Elegimos uno de los pueblos. Nos bajamos de los coches y recorremos sus calles. Se ven muchos gatos. Gatos enormes, cachazudos, que se tienden al sol y disfrutan de una siesta matutina. Les hacemos fotos a todos. En una calle, en la acera, hay una caja de cartón. Y dos gatos se la han repartido para dormitar. Uno está dentro de la caja. El otro, subido encima. En unos minutos hemos salido del pueblo. Veo árboles cargados de naranjas. Granadas que se han abierto en la rama. Higos aún verdes. Moras ya pasadas, arrugadas y secas y renegridas. Encontramos un arroyo. En torno hay huertos, y en los huertos asoman las calabazas y las sandías. La raíz de algunas sandías es tan larga que éstas cuelgan por una de las paredes que bordean el lecho del arroyo. Hay un cartel escrito con tiza en el que se lee: “El arroyo no es un basurero. Camino del río Tiétar baja el agua pura y cristalina, no seas tú el que la ensucie tirando basura encima”. Algunas palabras están en mayúscula o subrayadas. Llega un hombre. Boina y cachaba. Manos grandes y fuertes y sarmentosas. En seguida nos saluda y comenta algo. Se nota que es un hombre con ganas de pegar la hebra.

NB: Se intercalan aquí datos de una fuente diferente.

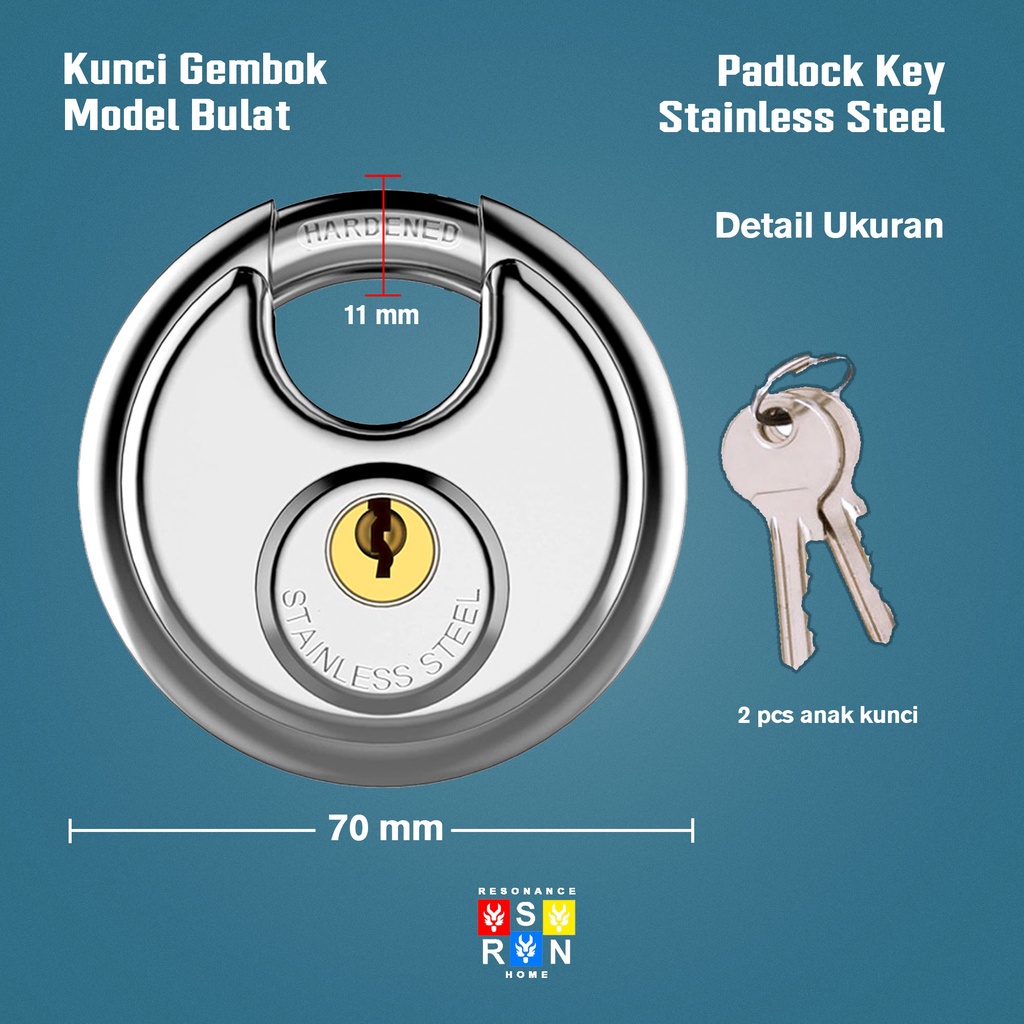 Kunci Gembok Bulat 70mm / Rounded Padlock Resonance Home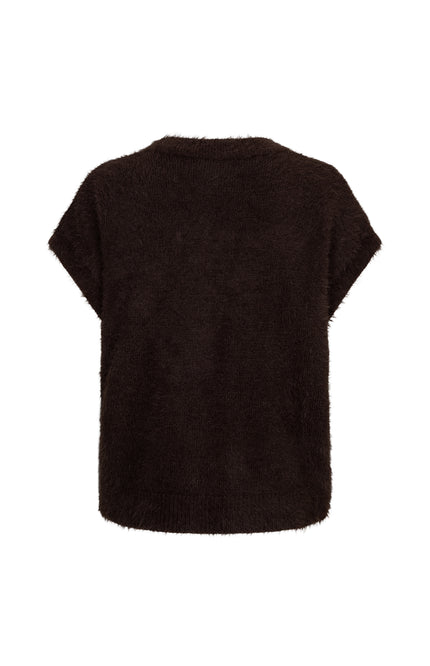 Top Sleeveless Fuzzy Espresso SRB5116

El señor prosigue su camino y nos lo encontramos unos metros después. Está con otros dos hombres. Uno de ellos, bastante mayor y con muletas. El tercero, sentado en el suelo, limpiando o arreglando los dientes de una sierra mecánica. Me recuerdan un poco a los lugareños de “Deliverance”, la de John Boorman. Nos indican que, camino arriba, hay unas cuevas que deberíamos ver. Como llevamos a tres bebés en sus coches, el primer hombre nos dice que dejemos a los niños con ellos, que los cuidarán, y que subamos a las cuevas. Insisten: “Dejar aquí a los niños, hombre, que los cuidamos. No les vamos a hacer nada”. Ya suponemos que no les van a hacer nada. Pero a las madres (y a los padres y sus amigos) no les seduce dejar a sus críos en manos de desconocidos, ni aunque fuesen reyes o príncipes. Al final decidimos subir en tandas. Comentamos en voz baja y con un poco de cachondeo que eso suena a la película “Hostel”: los turistas y viajeros a quienes los habitantes locales toman por tontos o por desprevenidos, el tío limpiando la sierra, la promesa de que cuidarán a los críos. Son imaginaciones nuestras, claro, pero más vale prevenir. A medio camino hay, en efecto, un par de cuevas. Nos metemos en una de ellas, sólo alumbrados por la luz de un móvil. Andamos a ciegas. La cueva es un pasillo que se ramifica en varios pasadizos, flanqueado por angostas galerías y socavones. Hay tinajas viejas y alguna botella vacía. De regreso, uno de los hombres ofrece vino a dos de mis amigos. Nos recomienda un restaurante y aconseja que vayamos de parte de “El Verruga”, pues ese es su mote. El primer hombre nos habla de sus hijos. Conversador y amistoso. Después vamos a comer.